Give again, word for word, the lines below that run from the line with "AGN President, Emeka" through the line with "Bague courage réglable". Drop the pictures.

**Collected data:**
□ □ □

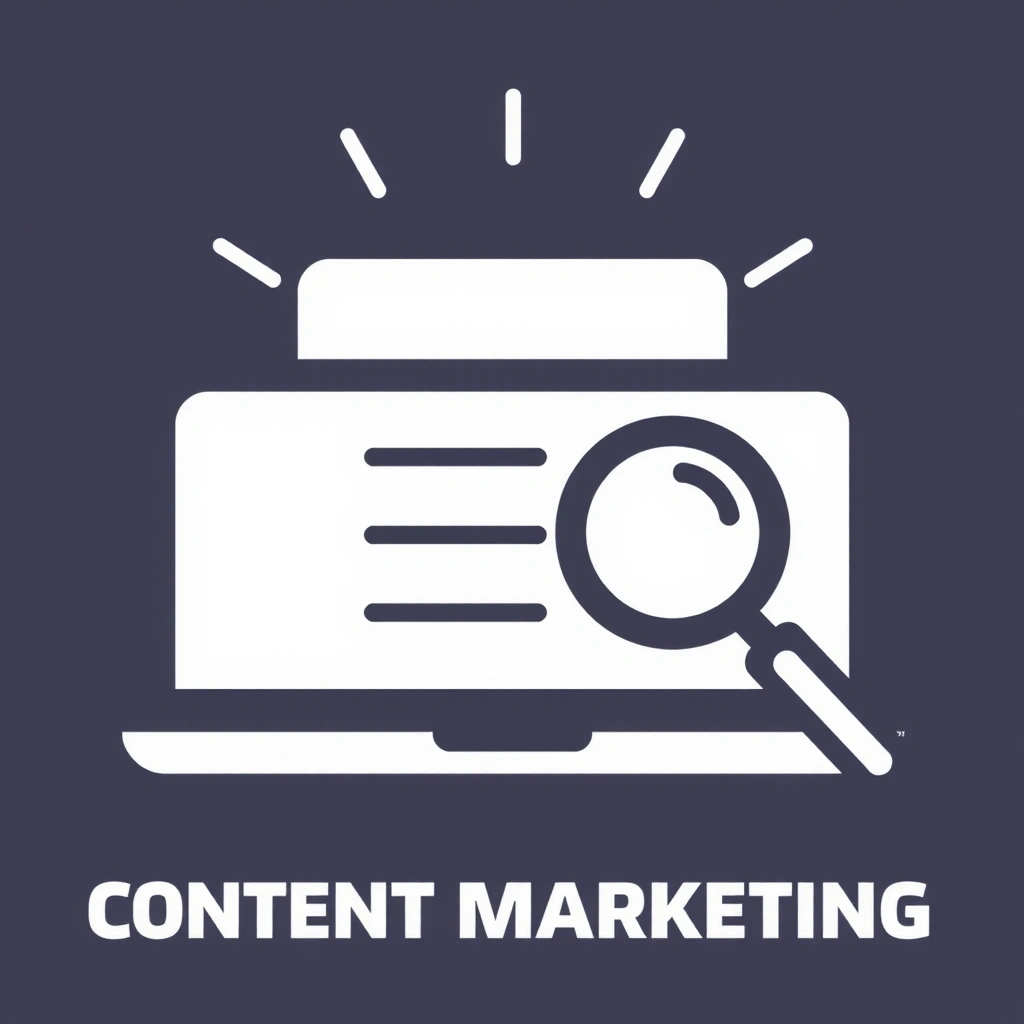 Icon representing content marketing, with a document and a magnifying glass, no text.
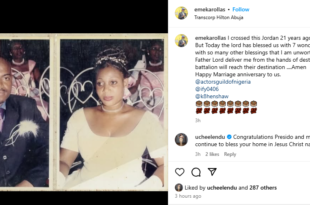 AGN President, Emeka Rollas and his wife, celebrate 21st wedding anniversary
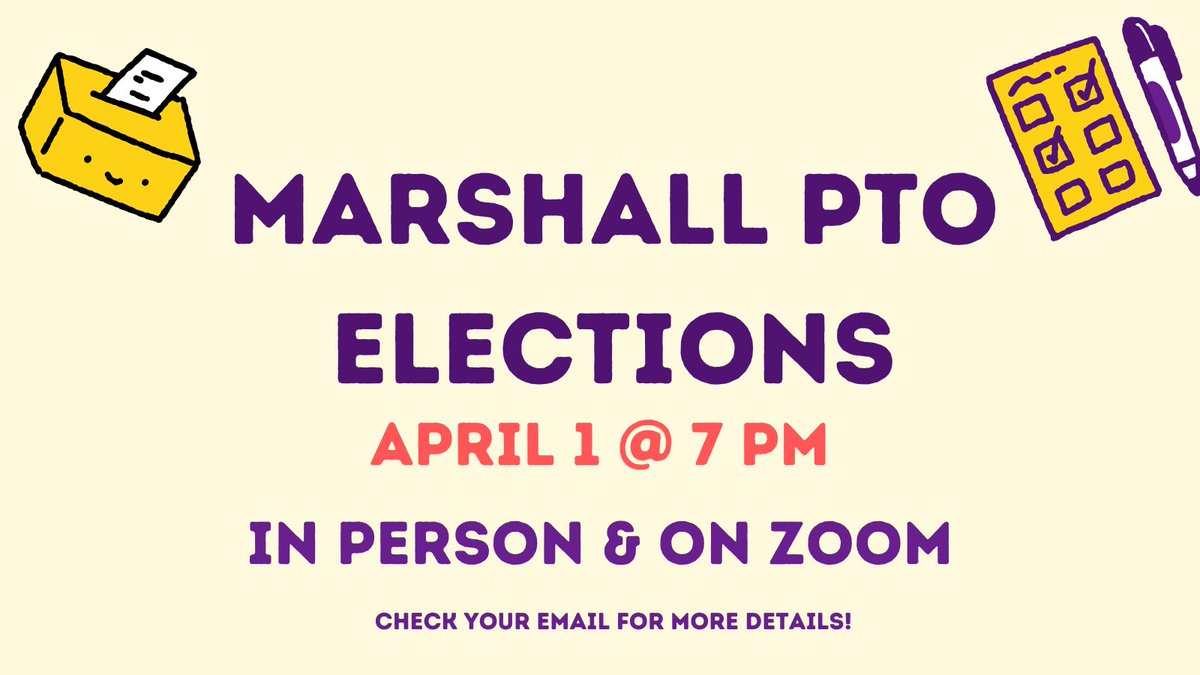 ⭐️ PTO Meeting &amp; Election Reminder!⭐️
Elections for the PTO Executive Board for the 24-26 school years will be held during the PTO Meeting on Mon, April 1 @ 7 pm. The meeting will be held in person (<a href="/TMESEagles/">Marshall Elementary</a> library) and on Zoom. Check your email for more details!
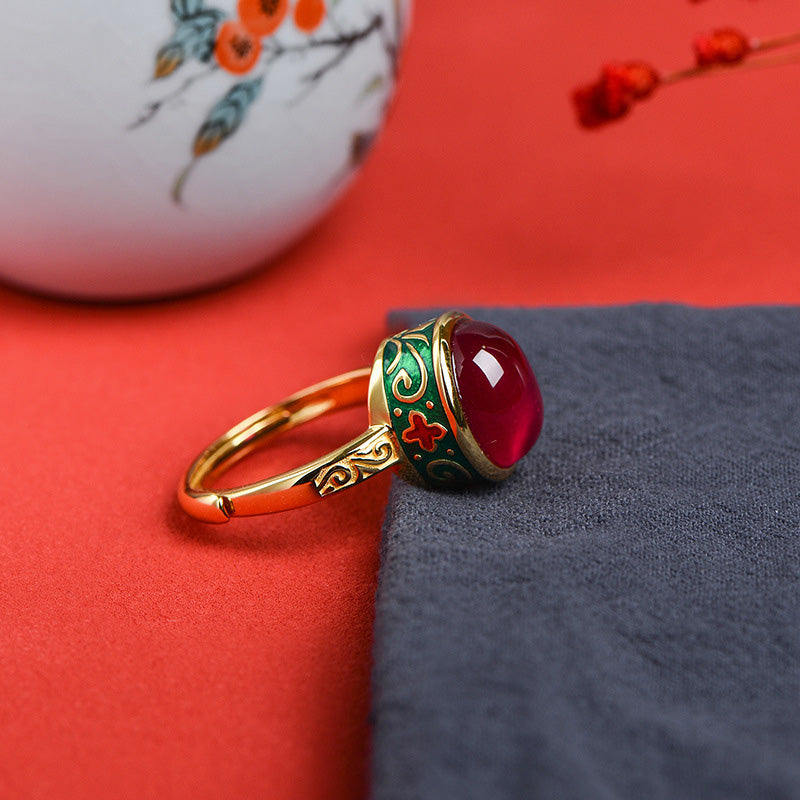Bague courage réglable en argent et corindon rouge, bijou spirituel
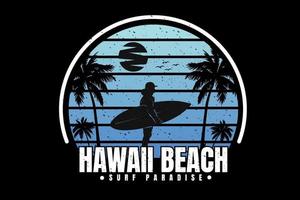 diseño de silueta de mercancía de paraíso de surf de playa de hawaii vector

□ □ □

**ANSWER BOX:**
 AGN President, Emeka Rollas and his wife, celebrate 21st wedding anniversary
 ⭐️ PTO Meeting &amp; Election Reminder!⭐️
Elections for the PTO Executive Board for the 24-26 school years will be held during the PTO Meeting on Mon, April 1 @ 7 pm. The meeting will be held in person (<a href="/TMESEagles/">Marshall Elementary</a> library) and on Zoom. Check your email for more details!
Bague courage réglable en argent et corindon rouge, bijou spirituel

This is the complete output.